Problem to work on: Can you restate the records below word for word?

Data to use:
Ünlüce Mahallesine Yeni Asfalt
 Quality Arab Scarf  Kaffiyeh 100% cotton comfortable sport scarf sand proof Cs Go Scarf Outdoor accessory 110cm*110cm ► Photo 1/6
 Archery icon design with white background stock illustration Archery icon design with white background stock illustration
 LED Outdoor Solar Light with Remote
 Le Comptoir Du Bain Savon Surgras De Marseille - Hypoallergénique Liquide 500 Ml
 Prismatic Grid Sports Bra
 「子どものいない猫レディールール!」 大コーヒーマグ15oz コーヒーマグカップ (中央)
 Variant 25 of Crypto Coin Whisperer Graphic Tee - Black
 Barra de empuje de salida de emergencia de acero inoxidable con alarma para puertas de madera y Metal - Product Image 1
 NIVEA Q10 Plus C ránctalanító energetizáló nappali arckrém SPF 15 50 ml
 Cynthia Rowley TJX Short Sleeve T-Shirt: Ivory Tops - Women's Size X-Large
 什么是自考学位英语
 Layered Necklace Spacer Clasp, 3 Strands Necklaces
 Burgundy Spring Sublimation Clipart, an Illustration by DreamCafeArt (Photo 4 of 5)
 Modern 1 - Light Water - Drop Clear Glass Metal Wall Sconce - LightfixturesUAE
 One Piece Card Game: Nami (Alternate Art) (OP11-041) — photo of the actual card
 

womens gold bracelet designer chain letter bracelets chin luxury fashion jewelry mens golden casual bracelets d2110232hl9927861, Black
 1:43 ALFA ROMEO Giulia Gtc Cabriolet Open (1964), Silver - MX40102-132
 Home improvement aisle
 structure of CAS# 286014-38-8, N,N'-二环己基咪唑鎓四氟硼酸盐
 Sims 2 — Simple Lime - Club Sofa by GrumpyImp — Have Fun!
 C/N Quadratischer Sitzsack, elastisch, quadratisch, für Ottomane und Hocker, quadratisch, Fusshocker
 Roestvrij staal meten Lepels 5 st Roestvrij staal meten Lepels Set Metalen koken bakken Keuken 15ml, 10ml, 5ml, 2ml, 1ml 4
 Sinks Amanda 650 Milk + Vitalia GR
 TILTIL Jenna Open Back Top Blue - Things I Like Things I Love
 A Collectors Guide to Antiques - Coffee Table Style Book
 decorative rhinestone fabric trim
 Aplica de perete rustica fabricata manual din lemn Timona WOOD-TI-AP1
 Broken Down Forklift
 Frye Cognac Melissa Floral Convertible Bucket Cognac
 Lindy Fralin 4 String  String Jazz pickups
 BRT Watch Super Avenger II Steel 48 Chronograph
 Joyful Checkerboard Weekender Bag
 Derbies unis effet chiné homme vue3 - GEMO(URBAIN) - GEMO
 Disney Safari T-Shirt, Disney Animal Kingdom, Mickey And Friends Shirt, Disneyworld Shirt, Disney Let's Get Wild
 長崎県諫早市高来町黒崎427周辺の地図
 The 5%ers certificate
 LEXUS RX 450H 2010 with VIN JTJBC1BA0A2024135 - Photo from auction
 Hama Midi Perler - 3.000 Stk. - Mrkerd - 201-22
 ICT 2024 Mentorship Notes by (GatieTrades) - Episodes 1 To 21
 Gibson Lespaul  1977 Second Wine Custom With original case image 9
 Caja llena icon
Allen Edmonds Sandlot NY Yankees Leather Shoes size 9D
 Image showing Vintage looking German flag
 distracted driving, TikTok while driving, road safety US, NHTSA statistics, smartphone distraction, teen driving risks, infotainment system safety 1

Response:
Ünlüce Mahallesine Yeni Asfalt
 Quality Arab Scarf  Kaffiyeh 100% cotton comfortable sport scarf sand proof Cs Go Scarf Outdoor accessory 110cm*110cm ► Photo 1/6
 Archery icon design with white background stock illustration Archery icon design with white background stock illustration
 LED Outdoor Solar Light with Remote
 Le Comptoir Du Bain Savon Surgras De Marseille - Hypoallergénique Liquide 500 Ml
 Prismatic Grid Sports Bra
 「子どものいない猫レディールール!」 大コーヒーマグ15oz コーヒーマグカップ (中央)
 Variant 25 of Crypto Coin Whisperer Graphic Tee - Black
 Barra de empuje de salida de emergencia de acero inoxidable con alarma para puertas de madera y Metal - Product Image 1
 NIVEA Q10 Plus C ránctalanító energetizáló nappali arckrém SPF 15 50 ml
 Cynthia Rowley TJX Short Sleeve T-Shirt: Ivory Tops - Women's Size X-Large
 什么是自考学位英语
 Layered Necklace Spacer Clasp, 3 Strands Necklaces
 Burgundy Spring Sublimation Clipart, an Illustration by DreamCafeArt (Photo 4 of 5)
 Modern 1 - Light Water - Drop Clear Glass Metal Wall Sconce - LightfixturesUAE
 One Piece Card Game: Nami (Alternate Art) (OP11-041) — photo of the actual card
 

womens gold bracelet designer chain letter bracelets chin luxury fashion jewelry mens golden casual bracelets d2110232hl9927861, Black
 1:43 ALFA ROMEO Giulia Gtc Cabriolet Open (1964), Silver - MX40102-132
 Home improvement aisle
 structure of CAS# 286014-38-8, N,N'-二环己基咪唑鎓四氟硼酸盐
 Sims 2 — Simple Lime - Club Sofa by GrumpyImp — Have Fun!
 C/N Quadratischer Sitzsack, elastisch, quadratisch, für Ottomane und Hocker, quadratisch, Fusshocker
 Roestvrij staal meten Lepels 5 st Roestvrij staal meten Lepels Set Metalen koken bakken Keuken 15ml, 10ml, 5ml, 2ml, 1ml 4
 Sinks Amanda 650 Milk + Vitalia GR
 TILTIL Jenna Open Back Top Blue - Things I Like Things I Love
 A Collectors Guide to Antiques - Coffee Table Style Book
 decorative rhinestone fabric trim
 Aplica de perete rustica fabricata manual din lemn Timona WOOD-TI-AP1
 Broken Down Forklift
 Frye Cognac Melissa Floral Convertible Bucket Cognac
 Lindy Fralin 4 String  String Jazz pickups
 BRT Watch Super Avenger II Steel 48 Chronograph
 Joyful Checkerboard Weekender Bag
 Derbies unis effet chiné homme vue3 - GEMO(URBAIN) - GEMO
 Disney Safari T-Shirt, Disney Animal Kingdom, Mickey And Friends Shirt, Disneyworld Shirt, Disney Let's Get Wild
 長崎県諫早市高来町黒崎427周辺の地図
 The 5%ers certificate
 LEXUS RX 450H 2010 with VIN JTJBC1BA0A2024135 - Photo from auction
 Hama Midi Perler - 3.000 Stk. - Mrkerd - 201-22
 ICT 2024 Mentorship Notes by (GatieTrades) - Episodes 1 To 21
 Gibson Lespaul  1977 Second Wine Custom With original case image 9
 Caja llena icon
Allen Edmonds Sandlot NY Yankees Leather Shoes size 9D
 Image showing Vintage looking German flag
 distracted driving, TikTok while driving, road safety US, NHTSA statistics, smartphone distraction, teen driving risks, infotainment system safety 1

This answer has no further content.